The poem is divided into five 17-line stanzas that follow the chronological order typical of a narrative. Kipling creates a subtle patterning for rhymes that is consistent without being insistent. The rhyme scheme is AABCCBDDEFFEGGFGGHG, a back-and-forth rhyming pattern in which every sixth line echoes a word from a previous triplet—bookends that echo the poem’s framing device of a speaker looking back. The rhyme scheme mimics the vehicle of memory, with the speaker moving back and forth in time as he retells the story of the water-bearer.
To create the effect of the speaker talking to his buddies, the meter reflects conversational rhythms, avoiding a singsong approach. Kipling alternates lines of eight syllables (iambic tetrameter) with lines of six syllables (iambic trimeter). Each stanza closes with a quintain in which one or more lines actually has ten syllables. This metric variation, along with enjambment (lines that move into the next line without end-punctuation), gives the poem its immediacy and encourages recitation that seems unforced.

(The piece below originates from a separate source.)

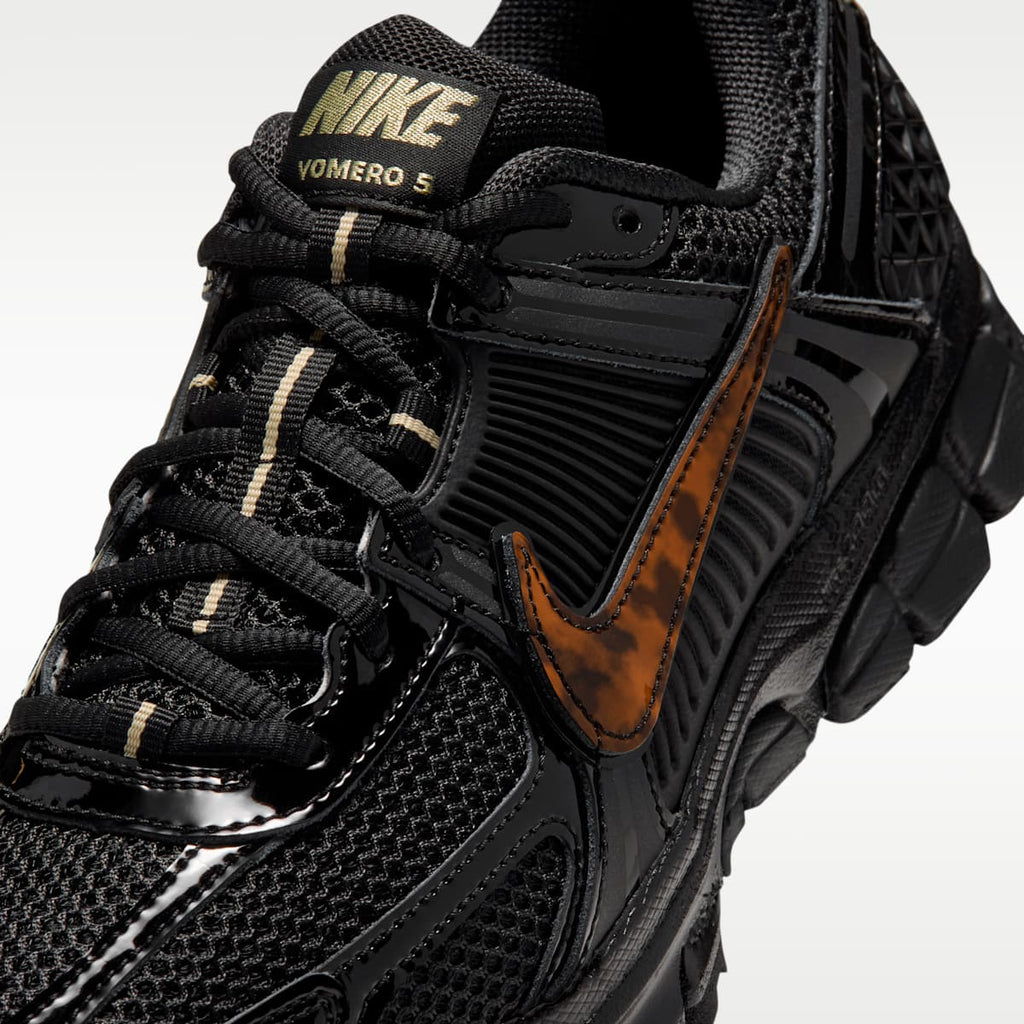 Nike Zoom Vomero 5 Women's Shoes - Black/Black/Metallic Gold/Multi-Color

Kipling never gives a physical description of his narrator. Instead, he uses diction and register as characterization. The speaker’s accented speech reveals his background and education.
British poetry in the late 19th century tended toward chiseled lines, elegant diction, rich imagery, learned allusions, and intricate figurative language: qualities typical of the towering literary figure of Kipling’s era—Alfred, Lord Tennyson.
Kipling’s poem, however, features the unvarnished Cockney dialect, slang, and idioms typically found in the lower-class neighborhoods of London’s East End. The speaker’s grammar is fractured, and he uses elision, for example, omitting “h” sounds from the beginning of words (as in “out ’ere” [Line 2]), nasal “g” sounds (as in “bloomin’ boots” [Line 6]), and the closing “d” and “f” sounds of words like “and” and “of.”
Kipling rejects the assumption that dialect poetry should be sentimental and simple—an association based on classist bias typical of British 19th-century social hierarchy. Rather, dialect here produces a psychologically complex character—a man confronting the hollowness of what he has believed.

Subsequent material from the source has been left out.